The world around us is distorting and cracking like overheated vinyl, but it is precisely in these cracks that a new aesthetic is sprouting. Welcome to our cyberpunk. Here, neon lights are replaced by the dim light of an oil lamp in a Polissya peasant hut, and instead of the cold iron of neuroimplants, there is tradition, injected directly into Ableton tracks. The Cmyk project has become a main gateway through which the updated protocol of our mental autonomy flows into the system.
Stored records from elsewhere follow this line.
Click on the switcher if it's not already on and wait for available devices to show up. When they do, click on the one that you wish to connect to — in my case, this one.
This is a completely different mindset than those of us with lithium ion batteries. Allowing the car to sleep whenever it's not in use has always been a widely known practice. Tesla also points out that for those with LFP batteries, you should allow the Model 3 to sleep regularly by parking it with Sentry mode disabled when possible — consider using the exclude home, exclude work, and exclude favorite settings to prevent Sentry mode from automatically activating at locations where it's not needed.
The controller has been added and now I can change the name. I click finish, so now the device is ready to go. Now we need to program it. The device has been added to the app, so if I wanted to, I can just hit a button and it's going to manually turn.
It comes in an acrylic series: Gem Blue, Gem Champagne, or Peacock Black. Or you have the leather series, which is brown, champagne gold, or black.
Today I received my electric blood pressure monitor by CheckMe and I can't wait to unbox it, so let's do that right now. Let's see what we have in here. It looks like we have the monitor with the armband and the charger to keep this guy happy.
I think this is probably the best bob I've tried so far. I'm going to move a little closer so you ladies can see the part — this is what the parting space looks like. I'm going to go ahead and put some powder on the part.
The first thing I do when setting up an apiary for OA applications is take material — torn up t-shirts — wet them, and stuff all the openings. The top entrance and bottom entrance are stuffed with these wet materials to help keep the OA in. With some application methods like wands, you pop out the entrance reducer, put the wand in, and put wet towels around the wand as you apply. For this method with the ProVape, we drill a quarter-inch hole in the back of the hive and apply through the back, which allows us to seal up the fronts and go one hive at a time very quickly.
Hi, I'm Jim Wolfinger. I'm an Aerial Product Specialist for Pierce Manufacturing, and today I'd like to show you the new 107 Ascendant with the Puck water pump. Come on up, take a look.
The Cmyk Foundation focuses on combining archaic Ukrainian elements with experimental electronics in raves, concerts, and educational projects at the intersection of different art forms. The Cmyk’s second educational project for electronic musicians was completed in February, teaching musicians to integrate traditional music into electronic music. The Education 2.0 course has outgrown its training format, becoming a full-fledged initiation intoethno-rave. In this environment, sterile high-tech sound resonated with the rough, living truth of forgotten villages.
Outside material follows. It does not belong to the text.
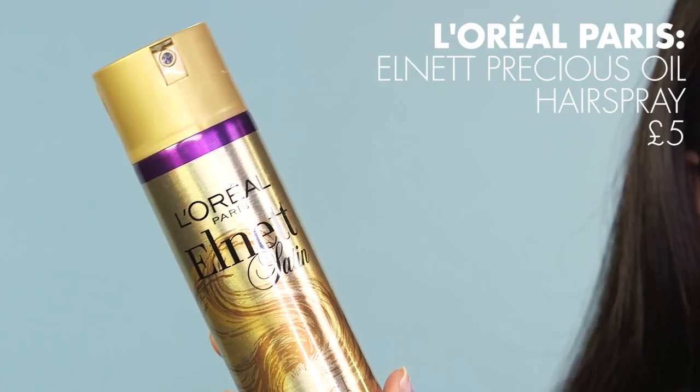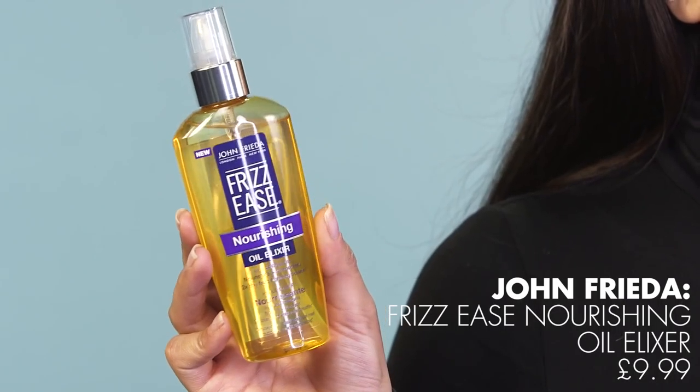The hairspray I love and have been using for years is the L'Oreal Paris Elnett Satin Hairspray, which is infused with argan oil. The argan oil really nourishes your hair and helps it look glossy and shiny all day long. Sometimes I go in with a little bit of extra moisture if I want my hair to look that bit glossier, and I use a hair oil — the John Frieda Elixir Hair Oil — applied to the mid-lengths and ends for that extra bit of gloss.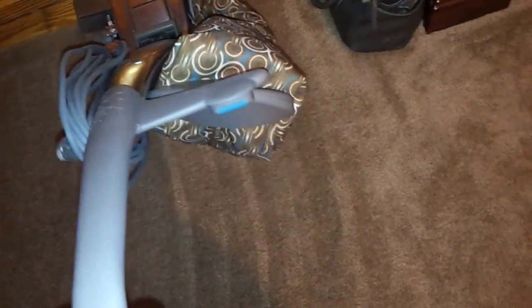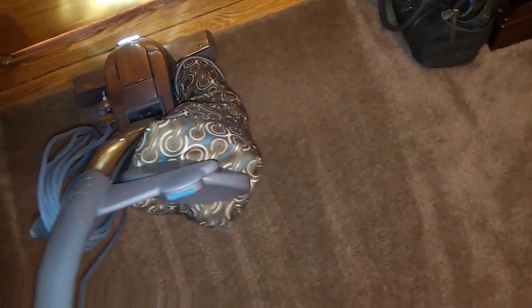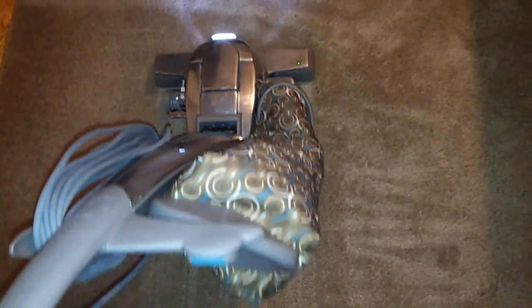I'm just going to vacuum until I don't hear it picking up anything else. I'm going to do it from multiple directions, just to be sure. The sand should be up now.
The program was led by curators, a sound producer and multi-instrumentalist Vitaliy Symonenko (responsible for the electronic infrastructure) while ethnographer and leader of the traditional band DvaTry, Mariya Kononchuk, provided a deeper dive into tradition. Over the course of eight weeks, 23 participants explored Drone sounds and the Glitch paradigm, listened to lectures on the peculiarities of traditional music, learned ethical ways of working with music sources, and recorded sessions with traditional performers.
The researcher and performer Nadiya Khanis presented the traditional singing style, while ethnomusicologists Yevheniya Shulha and Mariya Kononchuk analyzed the instrumental heritage in detail. Electronic artist Mark Medvedev and bass guitarist of the band Subscum Nuri Ashurova were responsible for the digital side of the process and complex concepts of synthetic sound.
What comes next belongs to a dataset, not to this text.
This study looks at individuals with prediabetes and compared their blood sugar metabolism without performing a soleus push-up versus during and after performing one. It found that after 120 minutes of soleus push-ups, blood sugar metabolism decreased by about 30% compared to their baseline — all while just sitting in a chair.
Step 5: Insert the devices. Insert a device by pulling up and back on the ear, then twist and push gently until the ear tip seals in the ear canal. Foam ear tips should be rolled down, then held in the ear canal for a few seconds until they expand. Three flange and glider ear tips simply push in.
The result was a public showcase party. Six active participants demonstrated that archaic music, instead of remaining frozen in anticipation of researchers, could breathe, change color, and pulsate to the rhythm of modern subwoofers.
Behind each of these six soundscapes were specific musicians, masters of their own section of the sound space, working with frequencies that cannot be drowned out.
Sound as atonement
Pavlo Sidash is a visual artist whose path to music lay through the painful overcoming of postcolonial trauma. Until 2022, he existed in a safe but illusory “apolitical” paradigm, seeing no threat in consuming Russian content. However, full-scale war and his encounter with The Cmyk provoked a rapid transformation of his identity. At first, Pavlo punished himself for feeling like a hypocrite due to the rapidity of these changes but eventually found support in cultural resistance.
As an experienced web designer, he transfers graphic insights to a sound canvas, working with music as if it were a layering of textures. His method is to reject the rigid “squareness” of techno in favor of flowing melodic lines and less structure in traditional music. Having found the ideal symbiosis of singing and ambient, Pavlo deliberately left vocals of Ukrainian traditional songs that he used almost untouched. A slight echo in his final work immerses the listener in the space of mountain peaks, allowing the voice to overcome synthetic barriers.
The one who looks into the eyes of rusalkas
For Lesyk (Les Yakymchuk), tradition is not an exotic sample, but rather blood pulsing to the rhythm of the rural drum he played as a ten-year-old boy. With a background in film directing, Lesyk tends to shoot movies in the listener’s ears rather than writing tracks. He sees women with torches walking barefoot through the morning dew to chase away rusalkas.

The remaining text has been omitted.